INFORMATION SHOWN =
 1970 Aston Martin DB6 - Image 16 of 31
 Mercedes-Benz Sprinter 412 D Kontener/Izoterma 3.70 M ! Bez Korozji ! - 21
--
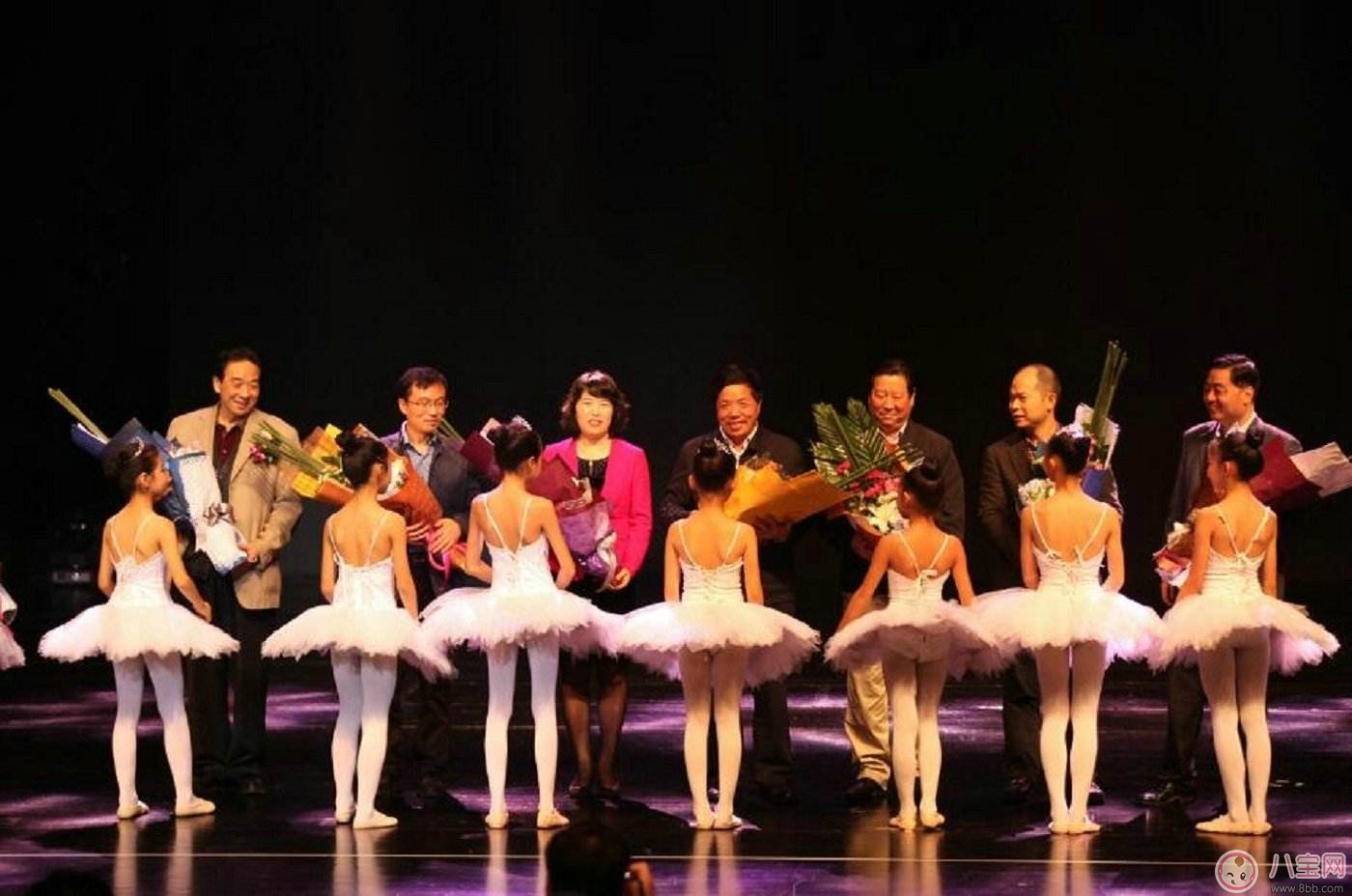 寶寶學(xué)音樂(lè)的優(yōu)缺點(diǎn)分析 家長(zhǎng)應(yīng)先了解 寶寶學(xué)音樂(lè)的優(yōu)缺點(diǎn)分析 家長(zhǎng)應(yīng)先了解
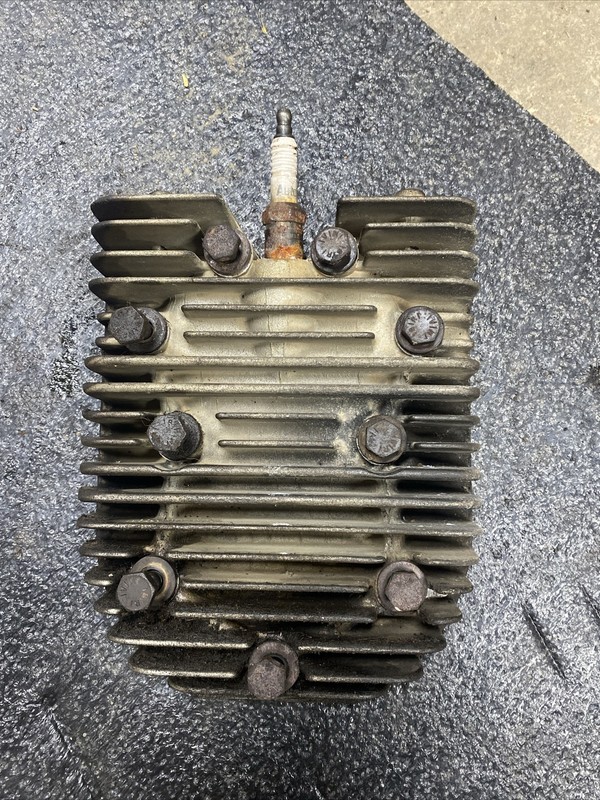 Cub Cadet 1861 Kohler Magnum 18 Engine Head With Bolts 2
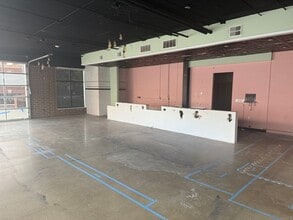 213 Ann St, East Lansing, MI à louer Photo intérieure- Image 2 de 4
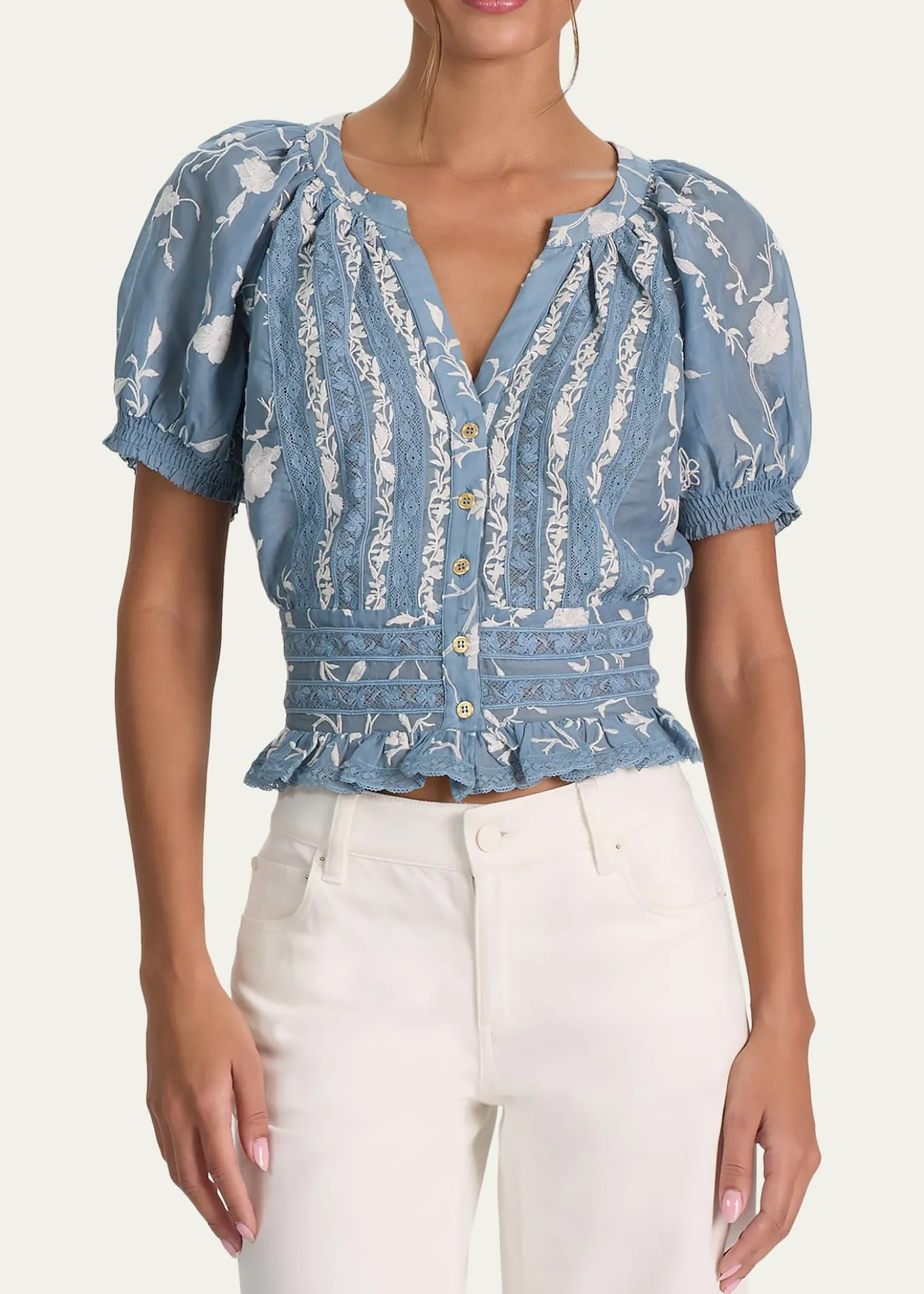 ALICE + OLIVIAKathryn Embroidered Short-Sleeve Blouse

WHAT YOU WILL DO = Look above for the line holding "1970 Aston Martin DB6 - Image 16 of 31" and the line holding "Mercedes-Benz Sprinter 412", then output exactly those two lines and every line between them, nothing more.

YOUR RESPONSE =
 1970 Aston Martin DB6 - Image 16 of 31
 Mercedes-Benz Sprinter 412 D Kontener/Izoterma 3.70 M ! Bez Korozji ! - 21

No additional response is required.